The traditional account of knowledge is as follows:

  1. P is true (truth)
  2. S believes that P (belief)
  3. S is justified in believing that P (justification)

For instance, we can say that I know that it snowed if and only if:

  • It really snowed, and
  • I believe that it snowed, and
  • I am justified in believing that it snowed (I saw snowy trees, snow on the ground).

So, we have 3 individually necessary and jointly sufficient conditions: truth, belief and justification. If they are met of a given claim, then we have knowledge of the claim. In other words, my knowledge is true justified belief.

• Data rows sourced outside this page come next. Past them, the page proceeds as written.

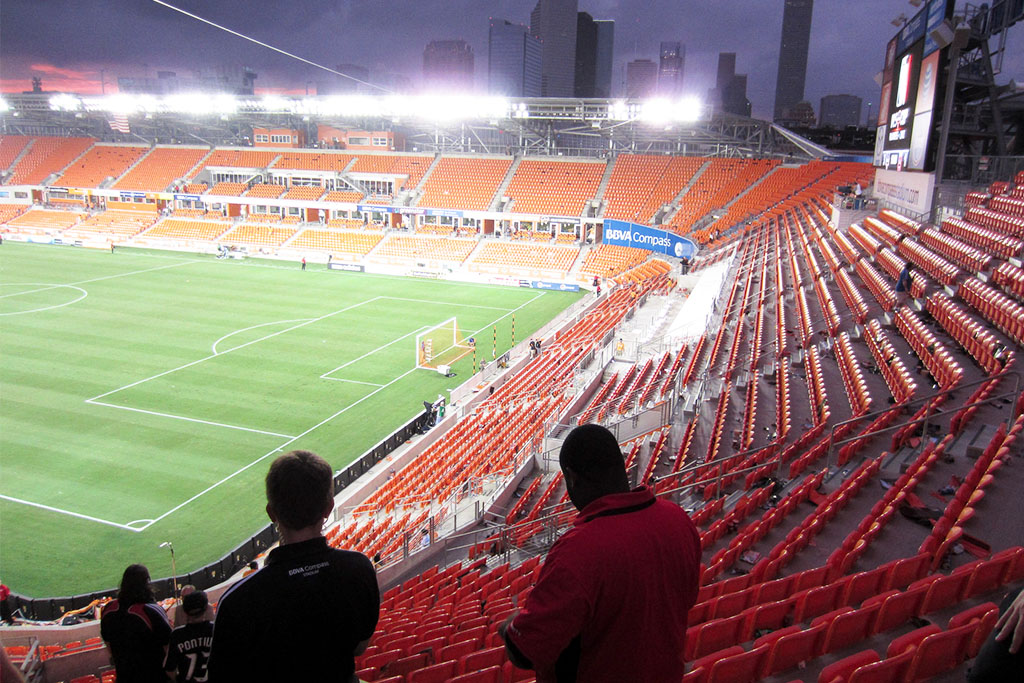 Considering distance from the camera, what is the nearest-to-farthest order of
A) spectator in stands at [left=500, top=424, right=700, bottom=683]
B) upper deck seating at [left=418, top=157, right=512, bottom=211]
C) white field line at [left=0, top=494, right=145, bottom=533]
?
spectator in stands at [left=500, top=424, right=700, bottom=683], white field line at [left=0, top=494, right=145, bottom=533], upper deck seating at [left=418, top=157, right=512, bottom=211]

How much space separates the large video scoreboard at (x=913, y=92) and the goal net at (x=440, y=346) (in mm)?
17650

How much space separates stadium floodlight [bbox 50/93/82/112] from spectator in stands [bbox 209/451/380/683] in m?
71.9

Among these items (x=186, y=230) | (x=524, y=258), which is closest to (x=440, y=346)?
(x=524, y=258)

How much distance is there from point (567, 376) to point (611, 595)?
19117 mm

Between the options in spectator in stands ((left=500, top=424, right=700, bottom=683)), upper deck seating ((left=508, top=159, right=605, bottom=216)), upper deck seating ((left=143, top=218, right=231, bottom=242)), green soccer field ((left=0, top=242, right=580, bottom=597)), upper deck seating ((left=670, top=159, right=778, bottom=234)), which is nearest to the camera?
spectator in stands ((left=500, top=424, right=700, bottom=683))

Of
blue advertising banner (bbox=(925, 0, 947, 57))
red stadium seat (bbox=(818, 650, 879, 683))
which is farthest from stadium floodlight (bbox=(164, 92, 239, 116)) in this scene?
red stadium seat (bbox=(818, 650, 879, 683))

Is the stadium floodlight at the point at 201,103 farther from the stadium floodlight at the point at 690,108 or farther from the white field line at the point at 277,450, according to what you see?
the white field line at the point at 277,450

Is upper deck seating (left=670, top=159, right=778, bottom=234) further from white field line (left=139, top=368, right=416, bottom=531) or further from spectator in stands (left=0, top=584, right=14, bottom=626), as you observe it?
spectator in stands (left=0, top=584, right=14, bottom=626)

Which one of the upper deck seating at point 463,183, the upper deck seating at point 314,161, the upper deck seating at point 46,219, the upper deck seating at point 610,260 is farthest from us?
the upper deck seating at point 314,161

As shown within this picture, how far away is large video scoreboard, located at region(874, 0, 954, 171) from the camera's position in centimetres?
2154

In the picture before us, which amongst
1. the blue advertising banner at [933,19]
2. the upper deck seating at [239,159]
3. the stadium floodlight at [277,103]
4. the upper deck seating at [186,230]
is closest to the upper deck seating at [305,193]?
the upper deck seating at [239,159]

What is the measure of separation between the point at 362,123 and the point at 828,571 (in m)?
58.4

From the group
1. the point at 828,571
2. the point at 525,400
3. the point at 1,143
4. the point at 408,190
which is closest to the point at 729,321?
the point at 525,400

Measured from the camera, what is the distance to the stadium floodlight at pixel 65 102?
5988 cm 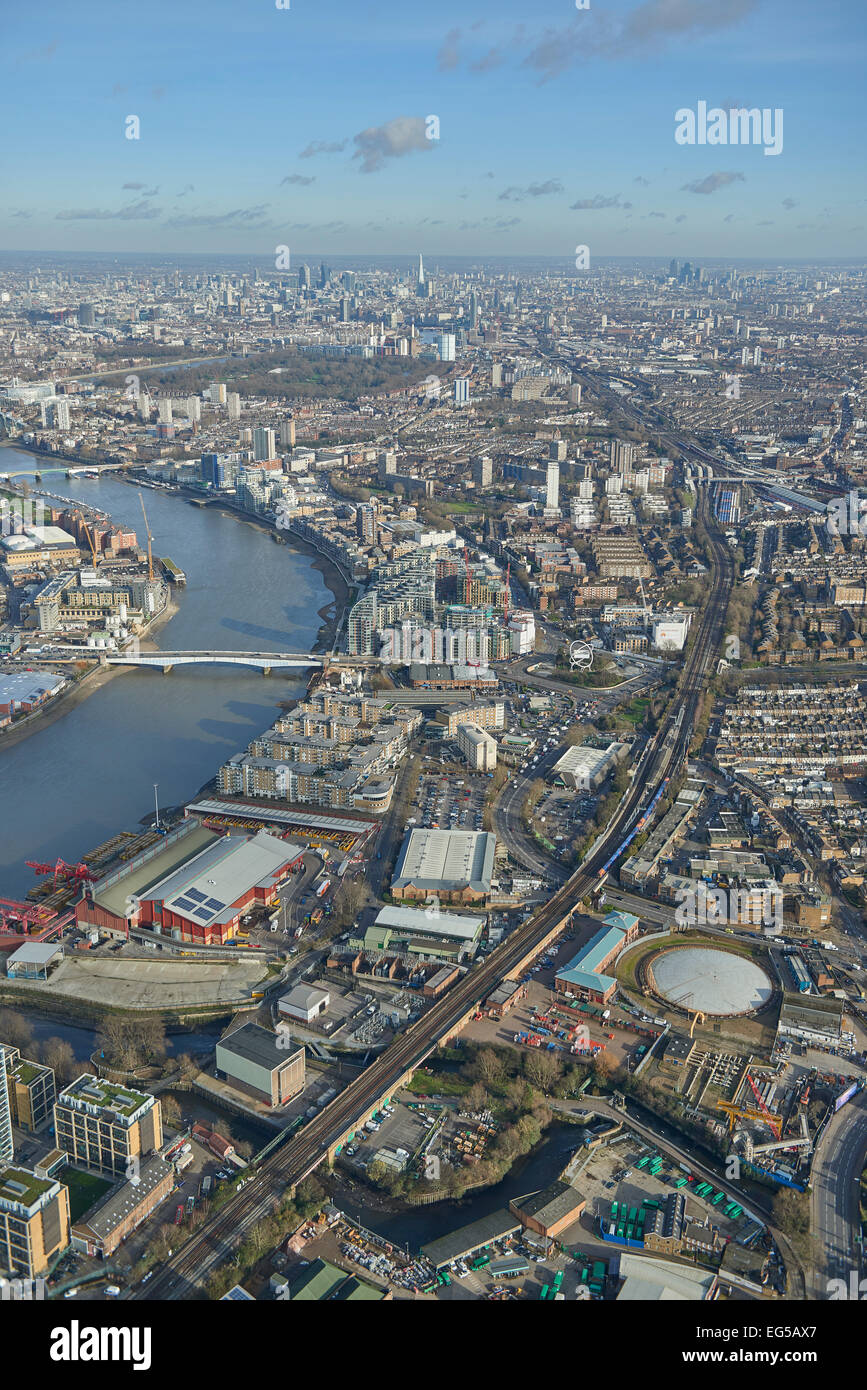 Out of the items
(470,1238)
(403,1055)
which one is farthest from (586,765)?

Edmund Gettier showed that these 3 conditions are not sufficient for someone’s knowing a given proposition. Suppose that someone called Smith (S) has a strong evidence for the following proposition: Jones owns a Ford (P). Smith’s evidence might be that Jones has at all times in the past within Smith’s memory owned a car, and always a Ford. Smith has another friend, Brown, and Smith is totally unaware of where Brown is now. Smith selects randomly a place (Barcelona) and constructs the following proposition (P): “Either Jones owns a Ford, or Brown is in Barcelona.

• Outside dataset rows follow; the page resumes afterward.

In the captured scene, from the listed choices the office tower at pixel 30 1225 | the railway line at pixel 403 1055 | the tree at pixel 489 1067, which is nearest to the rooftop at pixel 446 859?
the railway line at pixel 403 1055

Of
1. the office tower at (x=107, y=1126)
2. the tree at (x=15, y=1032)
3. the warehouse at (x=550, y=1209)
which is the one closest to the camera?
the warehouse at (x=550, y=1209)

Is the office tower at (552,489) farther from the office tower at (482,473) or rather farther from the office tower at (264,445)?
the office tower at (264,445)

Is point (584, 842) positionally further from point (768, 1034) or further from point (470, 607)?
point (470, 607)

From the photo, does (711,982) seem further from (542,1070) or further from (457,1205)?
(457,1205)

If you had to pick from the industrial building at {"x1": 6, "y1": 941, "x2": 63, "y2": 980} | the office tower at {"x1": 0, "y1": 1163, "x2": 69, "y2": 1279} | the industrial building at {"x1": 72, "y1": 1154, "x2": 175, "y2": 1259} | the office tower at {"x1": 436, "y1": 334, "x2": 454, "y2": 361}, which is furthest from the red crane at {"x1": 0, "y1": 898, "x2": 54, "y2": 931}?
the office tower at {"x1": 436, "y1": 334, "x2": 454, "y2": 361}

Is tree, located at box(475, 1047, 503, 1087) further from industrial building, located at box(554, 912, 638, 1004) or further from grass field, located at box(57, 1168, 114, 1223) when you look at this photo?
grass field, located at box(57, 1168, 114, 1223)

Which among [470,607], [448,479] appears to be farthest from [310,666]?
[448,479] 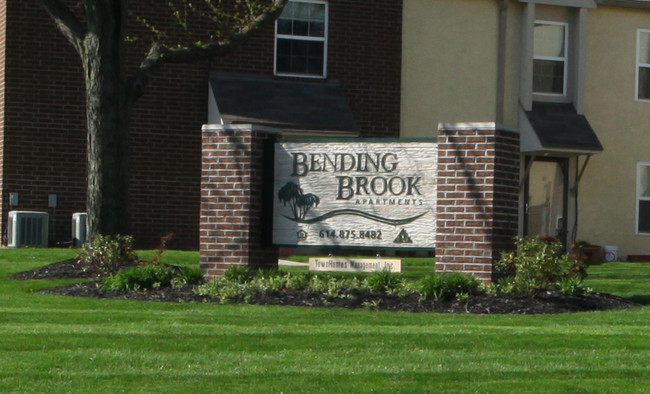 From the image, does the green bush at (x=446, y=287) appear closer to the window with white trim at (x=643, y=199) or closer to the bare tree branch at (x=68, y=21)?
the bare tree branch at (x=68, y=21)

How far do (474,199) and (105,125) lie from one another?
19.1 ft

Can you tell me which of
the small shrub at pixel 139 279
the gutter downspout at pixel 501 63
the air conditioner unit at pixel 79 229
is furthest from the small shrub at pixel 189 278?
the gutter downspout at pixel 501 63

The proposition “Jones owns a Ford” (P) is transformed into “Jones owns a Ford or Brown is in Barcelona” ( P v Q ) by deductively valid inference, where (Q) is added as a disjunct.

P → P v Q 

Imagine that two further conditions hold. First, Jones does not own a Ford, but rents it. Second, by coincidence, Brown is in Barcelona. If these two conditions hold, then Smith does not know that P is true, even though:

  1. P is true (Brown is in Barcelona)
  2. S believes that P
  3. S is justified in believing that P is true (Smith has correctly inferred P from a proposition for which he has a strong evidence)

Thus, these 3 conditions are no sufficient for someone’s knowing a given proposition.

Bibliography:

  • Gettier, Edmund L. (1963). “Is Justified True Belief Knowledge?”. Analysis. 23 (6): 121–123.